Yeah definately did a proper job of it unfortunately (already decided that refurb is more than likely off the cards heh) - apparently rear went a good 5ft or so off the ground 

Not sure if the bolting points have moved at all think its just caused damage where its gone up further than it should have done not sure... but if I can make a deal with someone including a new subframe probably be worth the extra pennies just for the peace of mind.

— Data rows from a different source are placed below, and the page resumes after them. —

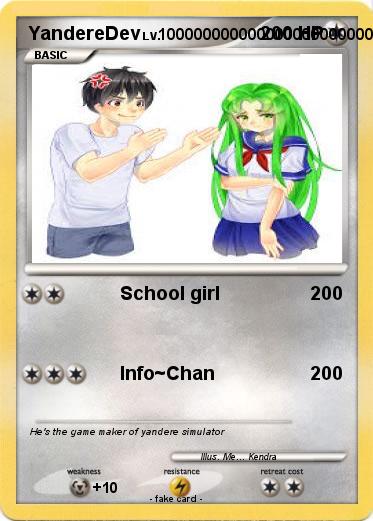 Pokemon YandereDev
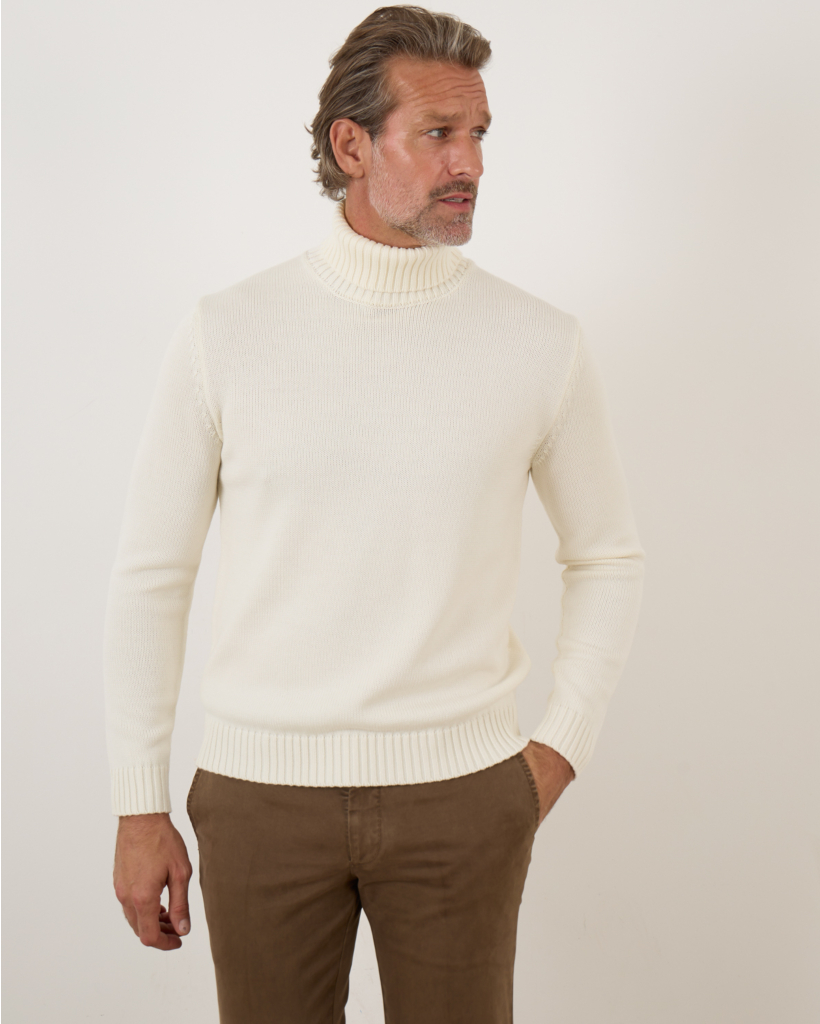Pullover Col Latte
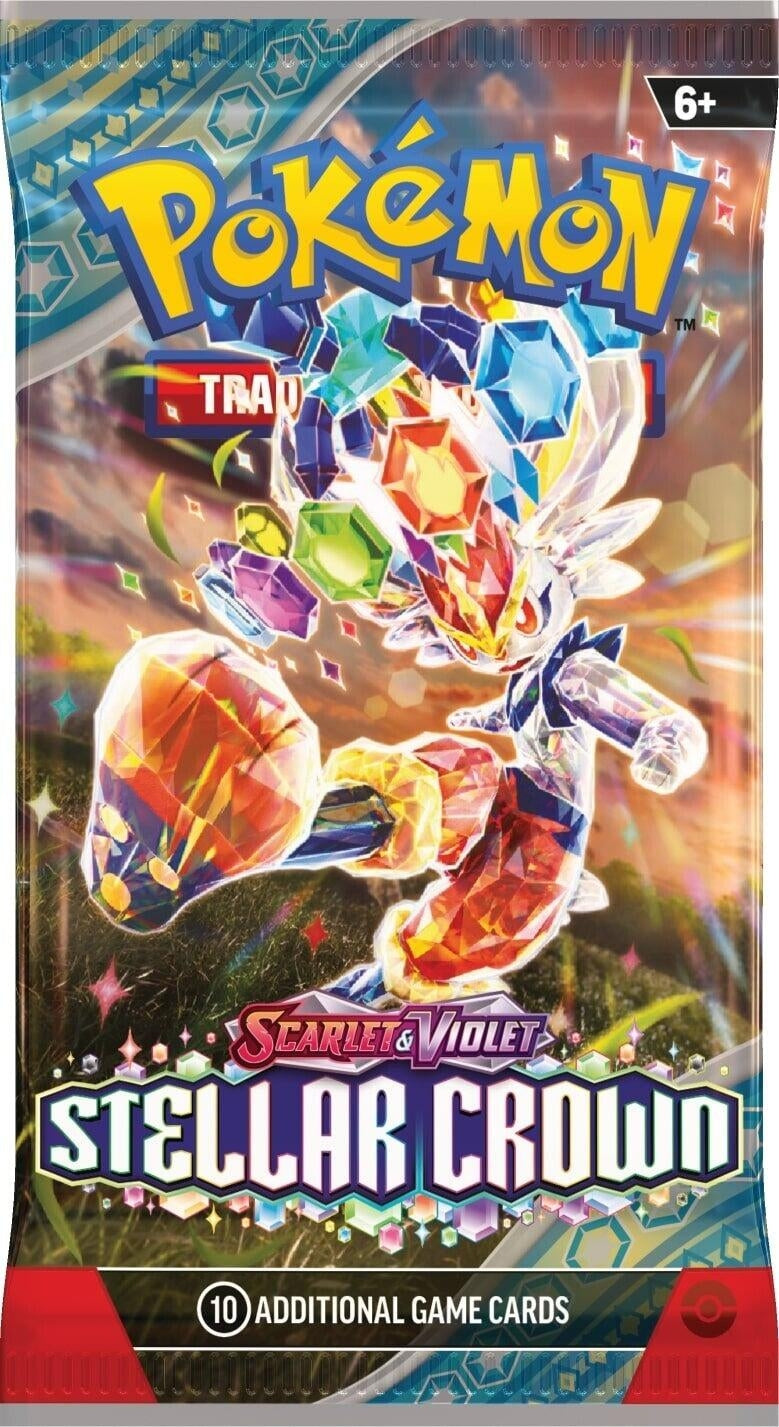 Stellar Crown Booster Pack [SV07]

Sure i'll be able to sort it out no problem mind, just need to decide exactly what I want to do with the car (i.e. wether to try and rebush subframe with poly bushes and if to get adjustable arms or standards etc)

Cheers,
Alex


----------



## WillRobDon (Jul 29, 2006)

You may as well do the lot while its out, I wouldn't trust any of those parts if it were my car. Go for it get the whole thing done!


----------



## freakazoid3 (Jan 19, 2008)

Looking at the pics I'd defenatly get another subframe and all OEM arms polybushed and concentric bushing arms and just strip and paint, budget but better then OEM :thumbsup:


----------



## WillRobDon (Jul 29, 2006)

I've got a subframe complete with arms and diff if you're interested.


----------



## GhostWKD (Nov 10, 2010)

freakazoid3 said:


> Looking at the pics I'd defenatly get another subframe and all OEM arms polybushed and concentric bushing arms and just strip and paint, budget but better then OEM :thumbsup:


Think thats more/less the plan, but probably adjustable arms shall see how flush I feel after buying another wheel etc (probably be stock arms for time being heh)

willrobdon; Could potentially be interested depending on the price, could you pm me a ballpark figure of what you'd be after for it please? 

Thanks,
Alex


----------



## WillRobDon (Jul 29, 2006)

PM'd you buddy.


----------



## GhostWKD (Nov 10, 2010)

Got your pm Will - will reply back in a mo 

Just been out surveying the damage fully and got some better pics;

Hicas delete bracket has suffered a little by the looks of the cracking, guessing I probably ought to replace which is a kick in the teeth









Subframe damage & wishbone damage close up;



























Wishbone damage;









Tension rod damage;









Inner arch took some damage too;









Bottom of my Tein Flex coilovers


----------



## R32GTR_T (Apr 8, 2012)

I have all complete rear bits if you want cheap lol. 

Thank you T


----------



## GhostWKD (Nov 10, 2010)

Thanks all for messages offering help/parts 

Emails sent to Tein about the coilover and to DW about the hicas bracket (and the Rota Grid - for some reason i've got a bad feeling they changed their matt bronze colour)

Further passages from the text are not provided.